(Captioned web image data)
---------------

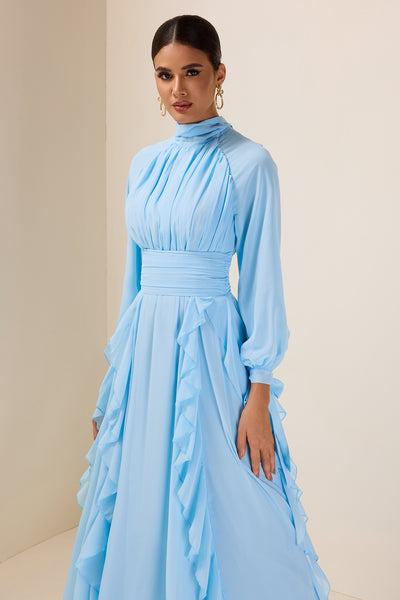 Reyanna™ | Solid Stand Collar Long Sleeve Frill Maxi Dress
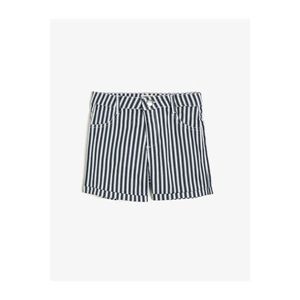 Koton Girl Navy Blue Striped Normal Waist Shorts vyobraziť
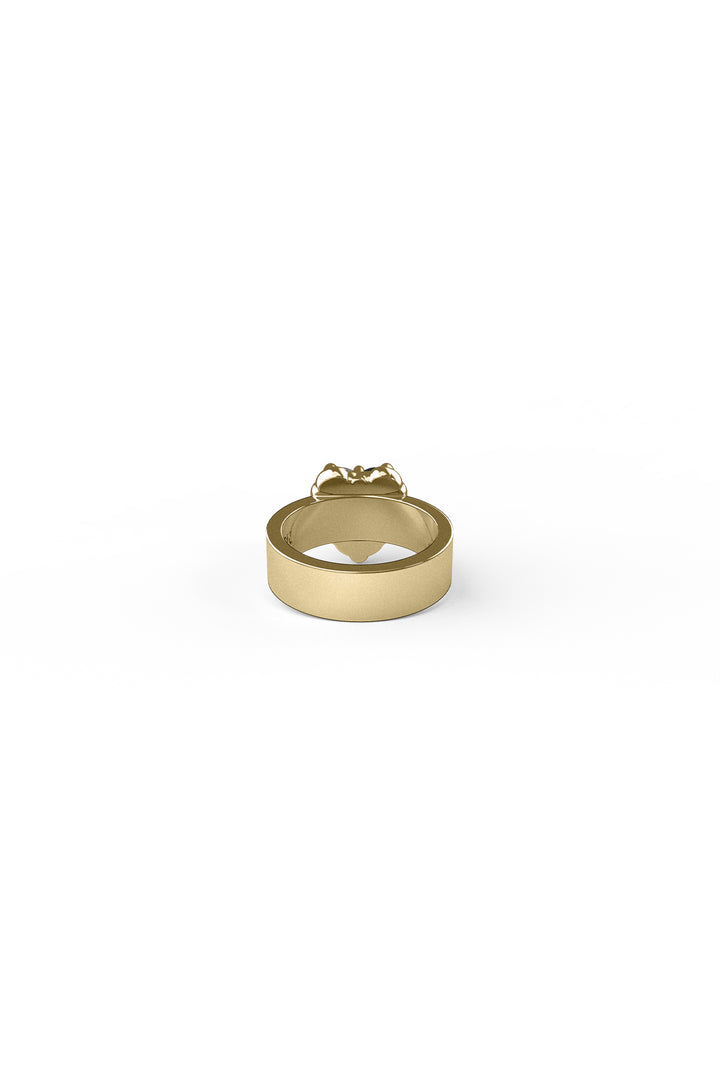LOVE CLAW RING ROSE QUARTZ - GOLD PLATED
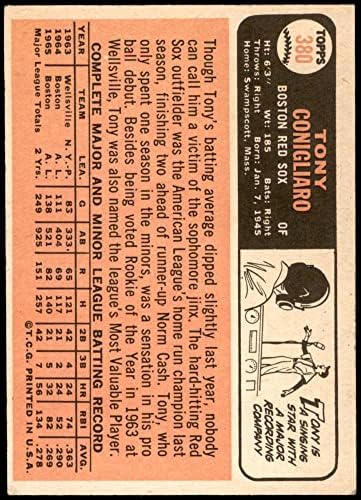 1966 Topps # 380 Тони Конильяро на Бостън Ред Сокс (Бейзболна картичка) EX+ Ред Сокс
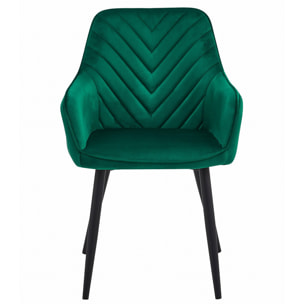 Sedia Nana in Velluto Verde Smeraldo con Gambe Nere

---------------

#### Your assignment
Your copy must reproduce the entries above in full, without their pictures.

#### Answer for this exercise
 Reyanna™ | Solid Stand Collar Long Sleeve Frill Maxi Dress
 Koton Girl Navy Blue Striped Normal Waist Shorts vyobraziť
LOVE CLAW RING ROSE QUARTZ - GOLD PLATED
 1966 Topps # 380 Тони Конильяро на Бостън Ред Сокс (Бейзболна картичка) EX+ Ред Сокс
 Sedia Nana in Velluto Verde Smeraldo con Gambe Nere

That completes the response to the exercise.